◆ Material supplied:
####################

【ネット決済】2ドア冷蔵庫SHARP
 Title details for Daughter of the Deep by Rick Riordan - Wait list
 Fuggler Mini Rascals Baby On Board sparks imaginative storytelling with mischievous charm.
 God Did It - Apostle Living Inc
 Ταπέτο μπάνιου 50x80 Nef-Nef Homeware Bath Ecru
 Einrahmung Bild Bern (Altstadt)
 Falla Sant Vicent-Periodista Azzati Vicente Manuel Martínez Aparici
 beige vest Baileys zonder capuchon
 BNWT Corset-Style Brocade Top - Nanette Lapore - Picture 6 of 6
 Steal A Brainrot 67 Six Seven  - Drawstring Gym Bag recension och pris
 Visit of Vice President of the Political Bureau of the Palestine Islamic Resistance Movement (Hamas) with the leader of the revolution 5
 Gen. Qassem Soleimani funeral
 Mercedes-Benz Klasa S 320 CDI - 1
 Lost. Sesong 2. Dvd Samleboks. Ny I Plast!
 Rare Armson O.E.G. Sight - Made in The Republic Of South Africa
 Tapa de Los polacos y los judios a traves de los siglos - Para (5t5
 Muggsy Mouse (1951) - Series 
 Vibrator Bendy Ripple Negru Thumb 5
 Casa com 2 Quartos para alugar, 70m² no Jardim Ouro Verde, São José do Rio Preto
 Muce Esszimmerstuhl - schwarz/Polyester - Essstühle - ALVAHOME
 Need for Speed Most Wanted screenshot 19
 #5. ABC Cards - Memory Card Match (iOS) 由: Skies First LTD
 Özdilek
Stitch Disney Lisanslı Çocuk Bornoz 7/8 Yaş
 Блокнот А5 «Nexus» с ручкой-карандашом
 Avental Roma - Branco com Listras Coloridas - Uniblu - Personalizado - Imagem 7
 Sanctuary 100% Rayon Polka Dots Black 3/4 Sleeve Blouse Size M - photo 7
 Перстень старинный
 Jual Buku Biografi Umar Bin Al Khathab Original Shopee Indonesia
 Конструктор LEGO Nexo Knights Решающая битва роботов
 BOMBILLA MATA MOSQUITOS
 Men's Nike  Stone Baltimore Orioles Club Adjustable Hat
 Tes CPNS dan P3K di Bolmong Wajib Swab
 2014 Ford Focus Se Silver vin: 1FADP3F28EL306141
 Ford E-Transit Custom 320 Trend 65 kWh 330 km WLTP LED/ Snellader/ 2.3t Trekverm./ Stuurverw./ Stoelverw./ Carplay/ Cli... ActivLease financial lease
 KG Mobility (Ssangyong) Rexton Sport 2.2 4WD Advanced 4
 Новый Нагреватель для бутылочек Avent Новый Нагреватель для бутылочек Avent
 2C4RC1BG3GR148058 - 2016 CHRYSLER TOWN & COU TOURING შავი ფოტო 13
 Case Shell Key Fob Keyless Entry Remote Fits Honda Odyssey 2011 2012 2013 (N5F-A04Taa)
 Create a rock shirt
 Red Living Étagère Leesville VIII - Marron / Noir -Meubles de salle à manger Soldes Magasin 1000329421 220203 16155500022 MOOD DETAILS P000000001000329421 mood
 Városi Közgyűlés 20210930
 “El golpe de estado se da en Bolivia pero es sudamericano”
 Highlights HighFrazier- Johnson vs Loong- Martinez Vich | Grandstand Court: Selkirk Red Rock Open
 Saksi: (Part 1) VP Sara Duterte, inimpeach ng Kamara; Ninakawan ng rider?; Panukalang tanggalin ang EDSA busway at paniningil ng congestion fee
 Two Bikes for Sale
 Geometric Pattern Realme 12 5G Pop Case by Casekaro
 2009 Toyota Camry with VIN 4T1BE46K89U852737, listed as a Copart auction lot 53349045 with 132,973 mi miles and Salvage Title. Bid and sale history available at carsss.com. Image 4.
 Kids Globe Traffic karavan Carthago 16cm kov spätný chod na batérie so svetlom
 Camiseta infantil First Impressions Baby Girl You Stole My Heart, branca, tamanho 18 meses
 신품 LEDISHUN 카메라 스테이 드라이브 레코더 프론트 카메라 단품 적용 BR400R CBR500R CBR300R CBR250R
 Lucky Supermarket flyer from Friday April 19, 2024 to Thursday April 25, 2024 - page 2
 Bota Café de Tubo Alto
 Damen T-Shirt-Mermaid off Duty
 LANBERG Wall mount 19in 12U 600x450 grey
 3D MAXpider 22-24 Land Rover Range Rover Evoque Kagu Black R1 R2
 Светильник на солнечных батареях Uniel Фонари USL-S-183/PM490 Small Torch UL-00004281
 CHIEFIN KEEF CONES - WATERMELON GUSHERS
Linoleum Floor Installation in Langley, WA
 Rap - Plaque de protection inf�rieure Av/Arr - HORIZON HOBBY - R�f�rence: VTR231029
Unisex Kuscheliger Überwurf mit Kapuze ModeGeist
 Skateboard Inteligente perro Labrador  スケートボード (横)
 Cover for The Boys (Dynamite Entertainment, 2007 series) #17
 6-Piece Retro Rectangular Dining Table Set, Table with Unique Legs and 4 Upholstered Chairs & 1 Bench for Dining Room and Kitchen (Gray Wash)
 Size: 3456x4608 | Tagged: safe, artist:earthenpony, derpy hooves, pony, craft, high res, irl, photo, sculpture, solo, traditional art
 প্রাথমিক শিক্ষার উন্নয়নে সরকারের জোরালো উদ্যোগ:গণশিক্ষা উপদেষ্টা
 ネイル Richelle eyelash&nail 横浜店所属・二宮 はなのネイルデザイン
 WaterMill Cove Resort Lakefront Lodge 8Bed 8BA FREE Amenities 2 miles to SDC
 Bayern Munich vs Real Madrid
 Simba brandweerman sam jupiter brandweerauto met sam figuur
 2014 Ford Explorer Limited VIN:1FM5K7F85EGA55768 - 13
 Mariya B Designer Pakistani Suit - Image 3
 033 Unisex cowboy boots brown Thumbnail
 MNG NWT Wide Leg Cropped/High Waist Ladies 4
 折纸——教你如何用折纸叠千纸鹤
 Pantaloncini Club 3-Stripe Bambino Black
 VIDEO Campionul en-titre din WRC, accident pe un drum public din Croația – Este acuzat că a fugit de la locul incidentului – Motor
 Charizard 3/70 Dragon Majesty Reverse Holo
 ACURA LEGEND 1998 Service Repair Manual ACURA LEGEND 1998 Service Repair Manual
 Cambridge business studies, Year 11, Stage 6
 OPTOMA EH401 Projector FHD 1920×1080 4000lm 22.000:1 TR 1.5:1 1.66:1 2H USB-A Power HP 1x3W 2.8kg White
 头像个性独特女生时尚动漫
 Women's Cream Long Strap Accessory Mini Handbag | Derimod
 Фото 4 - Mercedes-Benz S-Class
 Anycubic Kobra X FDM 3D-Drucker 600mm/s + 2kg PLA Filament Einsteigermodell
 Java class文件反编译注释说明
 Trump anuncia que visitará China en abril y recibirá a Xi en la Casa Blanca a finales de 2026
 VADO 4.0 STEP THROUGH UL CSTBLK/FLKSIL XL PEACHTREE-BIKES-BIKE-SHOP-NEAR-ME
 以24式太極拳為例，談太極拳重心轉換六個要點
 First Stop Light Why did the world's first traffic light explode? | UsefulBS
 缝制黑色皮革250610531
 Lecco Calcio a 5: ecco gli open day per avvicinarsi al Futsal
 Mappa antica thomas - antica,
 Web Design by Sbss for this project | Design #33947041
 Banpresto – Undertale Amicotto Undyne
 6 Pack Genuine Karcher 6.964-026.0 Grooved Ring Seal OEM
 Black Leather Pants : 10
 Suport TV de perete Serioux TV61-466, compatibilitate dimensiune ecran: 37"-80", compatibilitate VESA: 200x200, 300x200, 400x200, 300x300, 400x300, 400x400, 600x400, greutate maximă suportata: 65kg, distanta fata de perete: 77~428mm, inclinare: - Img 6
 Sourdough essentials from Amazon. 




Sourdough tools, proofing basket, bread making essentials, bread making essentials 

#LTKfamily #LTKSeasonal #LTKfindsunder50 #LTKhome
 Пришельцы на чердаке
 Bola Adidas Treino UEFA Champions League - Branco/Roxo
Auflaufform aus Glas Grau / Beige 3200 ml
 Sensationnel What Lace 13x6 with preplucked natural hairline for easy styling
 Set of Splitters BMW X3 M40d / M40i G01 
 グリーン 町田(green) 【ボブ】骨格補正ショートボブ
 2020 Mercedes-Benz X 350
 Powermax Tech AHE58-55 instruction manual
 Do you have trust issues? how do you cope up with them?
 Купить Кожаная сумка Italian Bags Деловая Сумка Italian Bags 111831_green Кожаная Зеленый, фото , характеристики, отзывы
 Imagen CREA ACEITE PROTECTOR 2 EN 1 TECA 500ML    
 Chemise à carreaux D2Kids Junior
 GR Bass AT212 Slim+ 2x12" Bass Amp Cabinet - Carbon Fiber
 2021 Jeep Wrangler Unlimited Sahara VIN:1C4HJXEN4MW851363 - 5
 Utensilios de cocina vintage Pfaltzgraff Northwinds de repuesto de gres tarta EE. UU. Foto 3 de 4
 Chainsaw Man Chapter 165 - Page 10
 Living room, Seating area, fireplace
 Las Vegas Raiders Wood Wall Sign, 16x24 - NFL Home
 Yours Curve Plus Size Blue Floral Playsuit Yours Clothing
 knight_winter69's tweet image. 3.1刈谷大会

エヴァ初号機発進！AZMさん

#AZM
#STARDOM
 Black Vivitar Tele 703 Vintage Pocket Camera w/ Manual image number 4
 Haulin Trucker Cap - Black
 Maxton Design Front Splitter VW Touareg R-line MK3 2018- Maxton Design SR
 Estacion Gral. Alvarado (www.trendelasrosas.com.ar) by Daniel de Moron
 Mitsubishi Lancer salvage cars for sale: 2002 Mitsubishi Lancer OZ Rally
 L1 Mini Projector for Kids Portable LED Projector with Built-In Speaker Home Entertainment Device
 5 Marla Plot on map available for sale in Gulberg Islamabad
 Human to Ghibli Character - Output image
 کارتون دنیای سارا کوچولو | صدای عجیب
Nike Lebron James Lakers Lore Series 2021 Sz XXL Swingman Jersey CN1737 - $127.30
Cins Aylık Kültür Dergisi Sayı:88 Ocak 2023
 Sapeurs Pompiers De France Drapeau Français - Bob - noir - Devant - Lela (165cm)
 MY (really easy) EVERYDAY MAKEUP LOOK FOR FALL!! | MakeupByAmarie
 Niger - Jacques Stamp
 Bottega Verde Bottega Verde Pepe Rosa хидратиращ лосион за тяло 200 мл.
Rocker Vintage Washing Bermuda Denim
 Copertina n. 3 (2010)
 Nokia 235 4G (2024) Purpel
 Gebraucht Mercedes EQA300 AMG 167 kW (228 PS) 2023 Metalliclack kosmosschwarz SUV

####################

◆ Exercise details: Retype the portion of the data above that starts on the line with "Tes CPNS dan P3K di Bolmong Wajib Swab" and finishes on the line with "Highlights HighFrazier- Johnson", including both of those lines.

◆ Finished task:
 Tes CPNS dan P3K di Bolmong Wajib Swab
 2014 Ford Focus Se Silver vin: 1FADP3F28EL306141
 Ford E-Transit Custom 320 Trend 65 kWh 330 km WLTP LED/ Snellader/ 2.3t Trekverm./ Stuurverw./ Stoelverw./ Carplay/ Cli... ActivLease financial lease
 KG Mobility (Ssangyong) Rexton Sport 2.2 4WD Advanced 4
 Новый Нагреватель для бутылочек Avent Новый Нагреватель для бутылочек Avent
 2C4RC1BG3GR148058 - 2016 CHRYSLER TOWN & COU TOURING შავი ფოტო 13
 Case Shell Key Fob Keyless Entry Remote Fits Honda Odyssey 2011 2012 2013 (N5F-A04Taa)
 Create a rock shirt
 Red Living Étagère Leesville VIII - Marron / Noir -Meubles de salle à manger Soldes Magasin 1000329421 220203 16155500022 MOOD DETAILS P000000001000329421 mood
 Városi Közgyűlés 20210930
 “El golpe de estado se da en Bolivia pero es sudamericano”
 Highlights HighFrazier- Johnson vs Loong- Martinez Vich | Grandstand Court: Selkirk Red Rock Open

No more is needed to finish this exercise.